Staatsanwaltschaft und Amtsgericht Bielefeld führen Rückgewinnungshilfe zugunsten der Geschädigten durch. Folgende Vermögenswerte wurden auf Grund des durch Beschluss des Amtsgerichts Bielefeld vom 10.12.2013 (9 Gs 7086/13) neugefassten Arrestes des Amtsgerichts Essen vom 10.07.2013 (44 Gs 2383/13) gesichert:
Forderungen der afendis gegen die net-m privatbank 1891 AG (früher: Bankverein Werther AG); Kontostände im Januar 2014:
• | Konto 1320133710: 213.513,87 € |
• | Konto 1110133710: 118.634,40 € |
Das Amtsgericht Bielefeld hat durch Beschluss vom 05.03.2014 den Arrest bezüglich der afendis gemäß § 111i Absatz 3 Satz 1 Strafprozessordnung für die Dauer von drei Jahren aufrechterhalten.
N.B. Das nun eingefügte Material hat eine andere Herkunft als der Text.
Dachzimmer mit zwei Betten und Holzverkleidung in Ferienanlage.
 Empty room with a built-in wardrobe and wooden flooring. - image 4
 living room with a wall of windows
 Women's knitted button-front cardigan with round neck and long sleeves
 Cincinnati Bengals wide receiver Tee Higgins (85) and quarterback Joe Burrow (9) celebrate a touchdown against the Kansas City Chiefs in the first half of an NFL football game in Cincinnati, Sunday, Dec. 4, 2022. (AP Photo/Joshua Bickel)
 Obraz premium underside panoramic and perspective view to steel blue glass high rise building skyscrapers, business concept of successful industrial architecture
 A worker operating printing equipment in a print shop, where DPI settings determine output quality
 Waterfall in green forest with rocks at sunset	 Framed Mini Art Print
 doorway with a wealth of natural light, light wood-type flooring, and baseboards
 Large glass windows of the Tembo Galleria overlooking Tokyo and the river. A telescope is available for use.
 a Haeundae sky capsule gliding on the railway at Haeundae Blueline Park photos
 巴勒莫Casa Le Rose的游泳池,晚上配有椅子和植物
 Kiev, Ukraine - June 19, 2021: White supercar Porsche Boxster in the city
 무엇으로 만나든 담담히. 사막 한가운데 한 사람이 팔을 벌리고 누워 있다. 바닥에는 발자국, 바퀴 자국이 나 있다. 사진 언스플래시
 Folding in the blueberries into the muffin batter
Soweit Verletzte innerhalb diese Frist nicht auf die gesicherten Vermögenswerte zugreifen, erwirbt diese grundsätzlich der Staat (§ 111i Absatz 5 Strafprozessordnung).
Verletzte, die auf die gepfändeten Guthaben zugreifen wollen, müssen wie folgt vorgehen: Sie beschaffen sich einen zivilrechtlichen Titel (Vollstreckungsbescheid, vollstreckbares Zivilurteil, dinglicher Arrest o.ä.). Auf Grund dieses Titels betreiben sie die Zwangsvollstreckung in die o.g. gesicherten Vermögenswerte. Sie beantragen dann beim Strafgericht gemäß § 111g Absatz 2 Strafprozessordnung die Zulassung der Zwangsvollstreckung oder Arrestvollziehung. Hierbei muss glaubhaft gemacht werden, dass die zivilrechtlichen Ansprüche aus der Straftat erwachsen sind.
Die gesicherten Forderungen werden voraussichtlich nicht ausreichen, um alle Verletzten zu entschädigen. Es empfiehlt sich daher, umgehend tätig zu werden.
Staatsanwaltschaft und Amtsgericht dürfen weder schriftlich noch telefonisch weitere Empfehlungen für die Durchsetzung der zivilrechtlichen Forderungen geben.